Vice President Joe Biden, who has long been considering a presidential bid, is increasingly leaning toward entering the race if it is still possible he can knit together a competitive campaign at this late date, people familiar with the matter said.
Mr. Biden still could opt to sit out the 2016 race, and he is weighing multiple political, financial and family considerations before making a final decision. But conversations about the possibility were a prominent feature of an August stay in South Carolina and his home in Delaware last week, these people said. A surprise weekend trip to Washington to meet with Sen. Elizabeth Warren (D., Mass.), a darling of the party’s liberal wing, represented a pivot from potential to likely candidate, one Biden supporter said.
“The vice president has not made a decision about his political future,” Biden spokeswoman Kendra Barkoff said. “Anyone speculating that he has made a decision is wrong.”
Mr. Biden would enter as a clear underdog. Polling shows Democratic front-runner Hillary Clinton running far ahead of the vice president, who would be building a campaign team largely from scratch. Mrs. Clinton, who declared her candidacy four months ago, has a robust campaign operation and an outside super PAC raising money on her behalf.
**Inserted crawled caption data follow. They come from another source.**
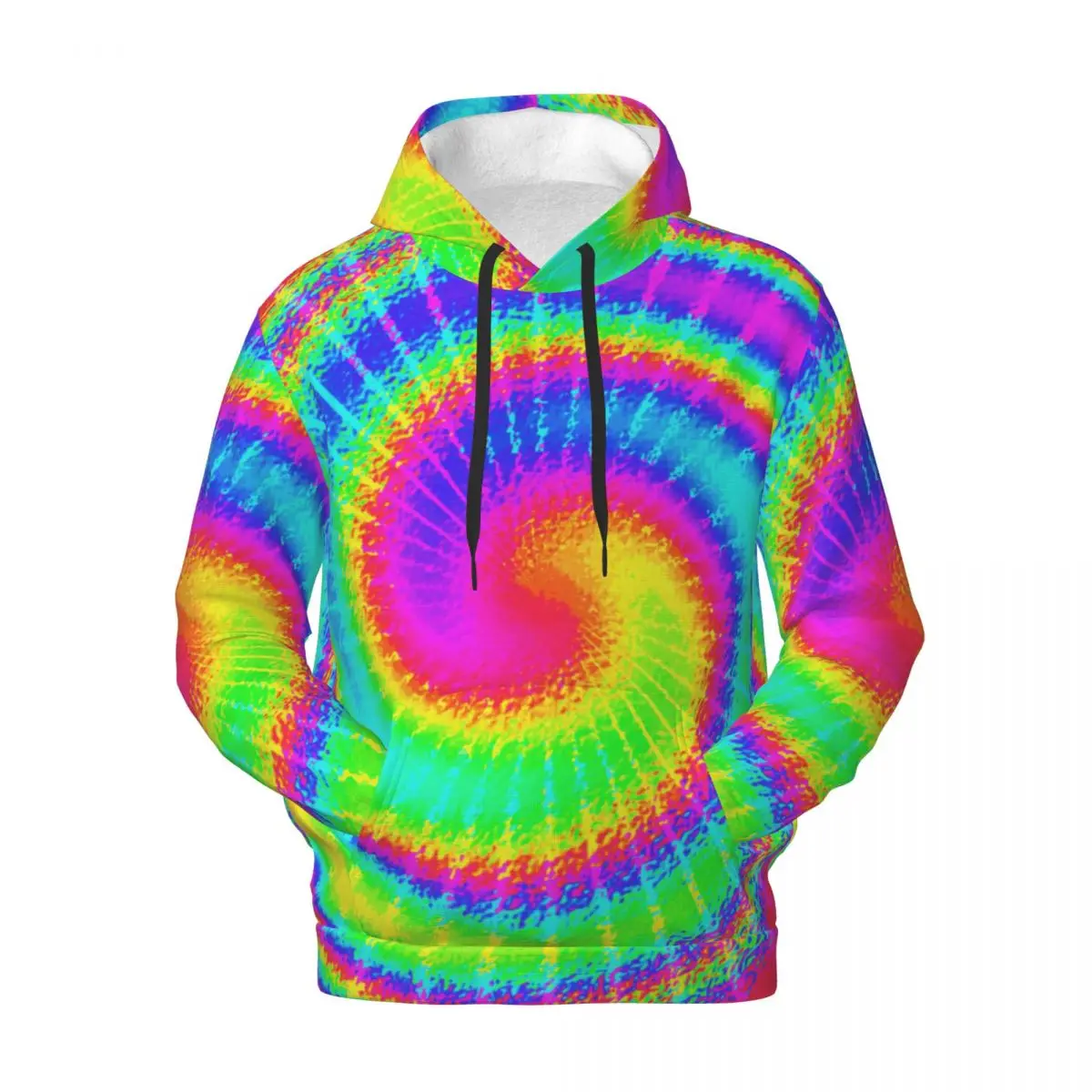 Colorful Rainbow Loose Hoodies Men Retro 80s Hippy Bohemian Tie Dye Casual Pullover Hoodie Autumn Funny Design Hooded Shirt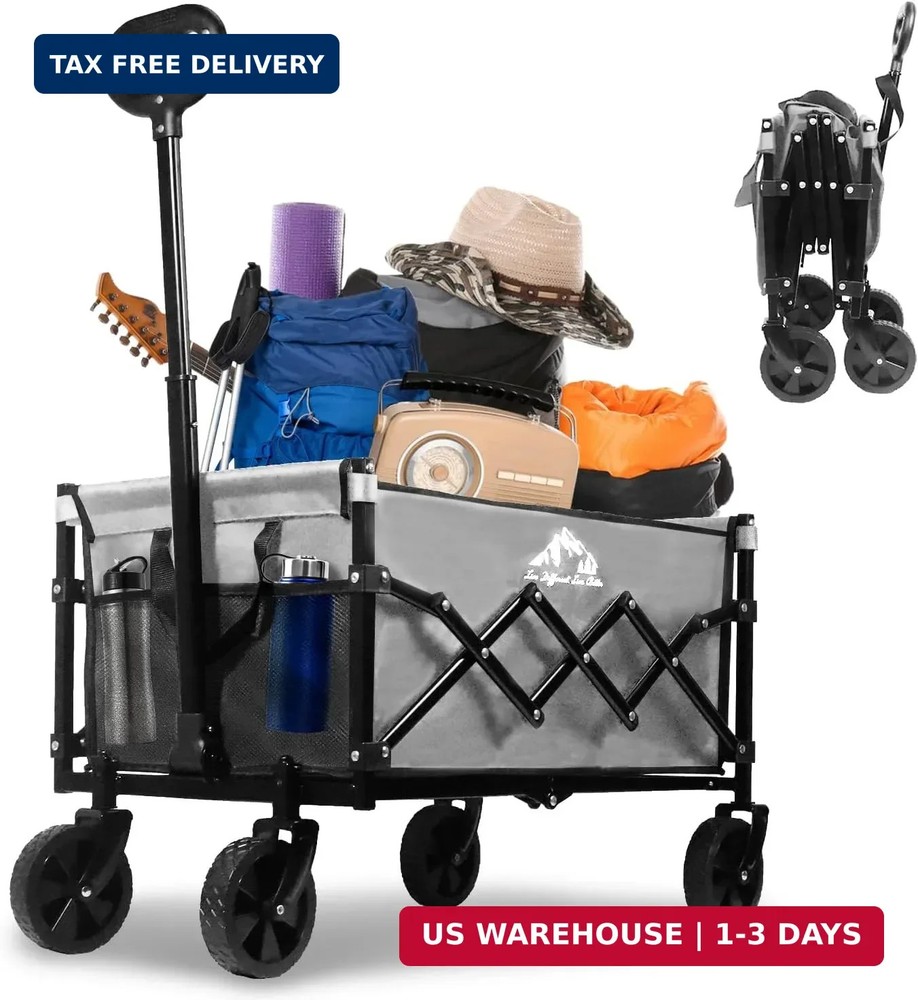 Collapsible Wagon 352LBS Capacity, Foldable Large Wagons Carts, Heavy Duty Outdo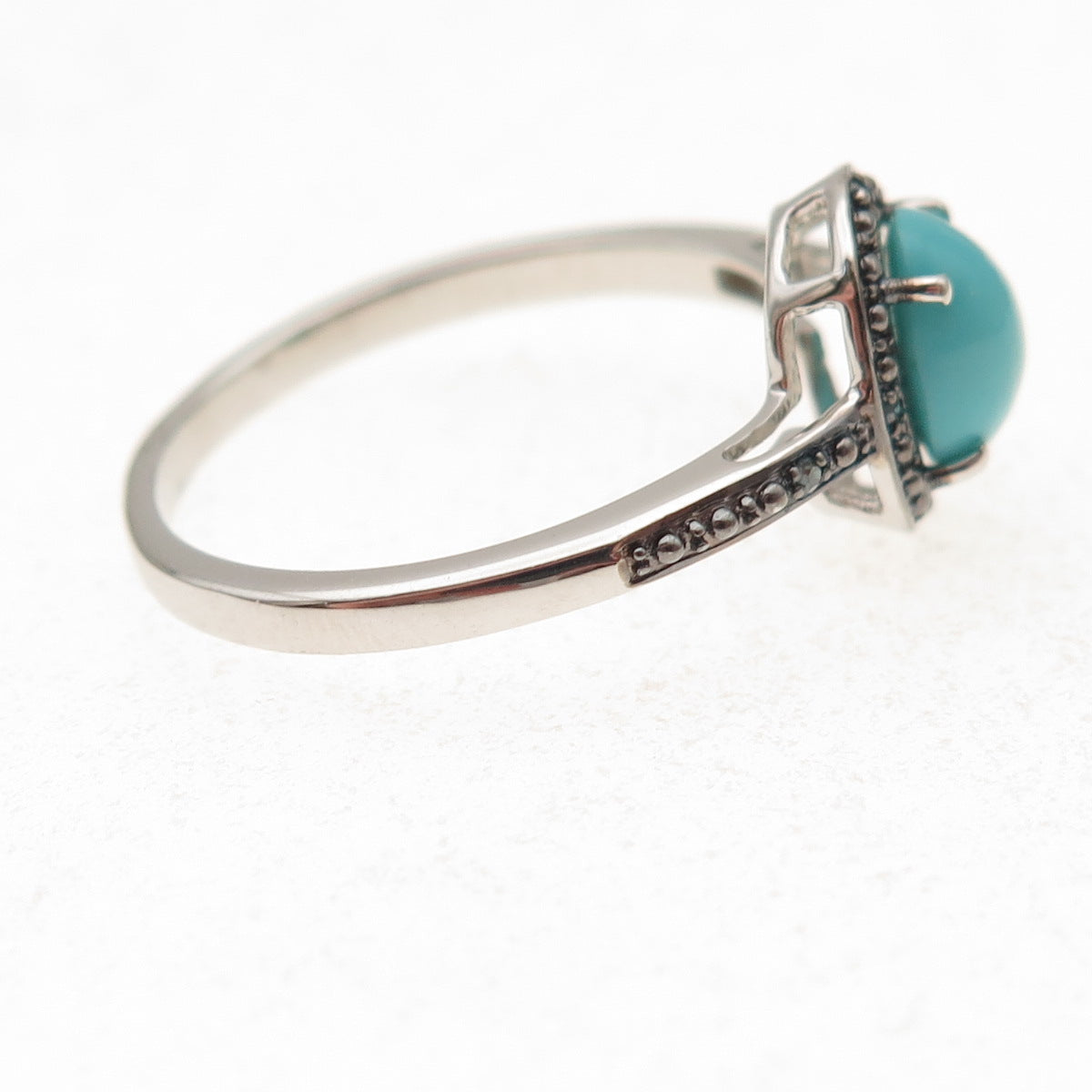925 Sterling Silver Real Blue Diamond & Sleeping Beauty Turquoise Ring Size 8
Still, the vice president’s deliberations illustrate how, with just six months before the first presidential nominating contests, both major parties’ campaigns are in a state of flux. Democrats are increasingly insecure about Mrs. Clinton’s candidacy, given her dipping approval ratings and continuing questions about her use of a private email server while secretary of state. Republicans, meanwhile, are struggling to find the proper tone in reacting to Donald Trump, whose no-holds-barred campaign style is dominating coverage of the GOP contest and nudging top contenders into uncomfortable sound bites.